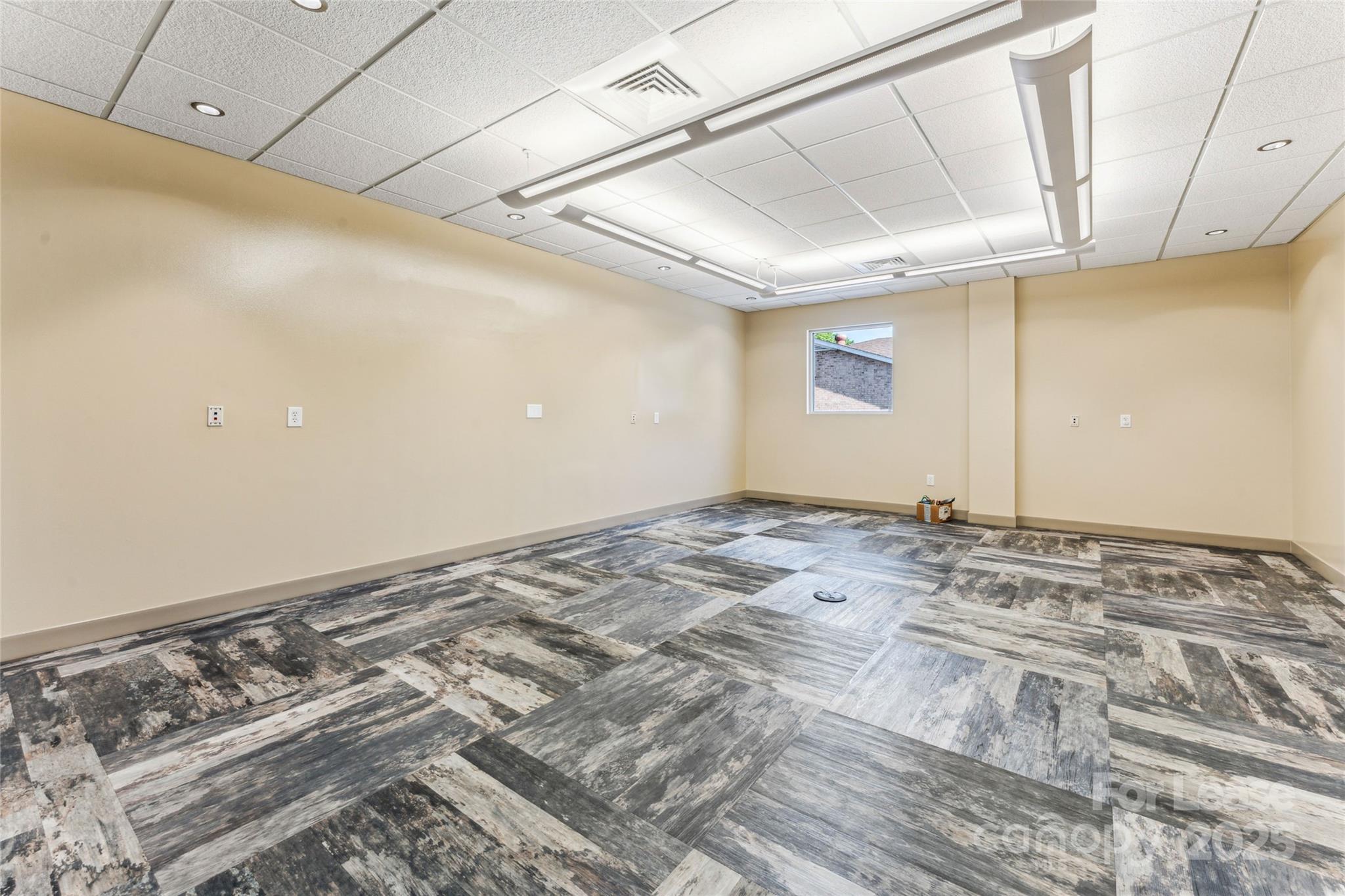 2105 Northwest Boulevard Newton NC 28658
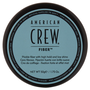 American Crew Fiber Styling Cream Crema para Peinar Fijación Media 50 gr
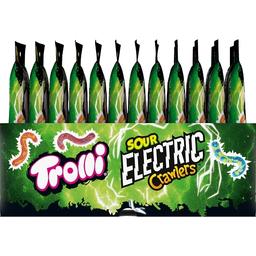 Product thumb gallery 3457947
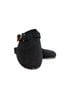 ROTHY'S Black Mule/Clog Size 8 - photo 3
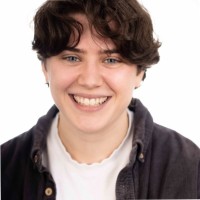 Shauna Priest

Problem description | Print the material precisely as given, dropping any images it holds.

Task result |
 2105 Northwest Boulevard Newton NC 28658
 American Crew Fiber Styling Cream Crema para Peinar Fijación Media 50 gr
 Product thumb gallery 3457947
 ROTHY'S Black Mule/Clog Size 8 - photo 3
 Shauna Priest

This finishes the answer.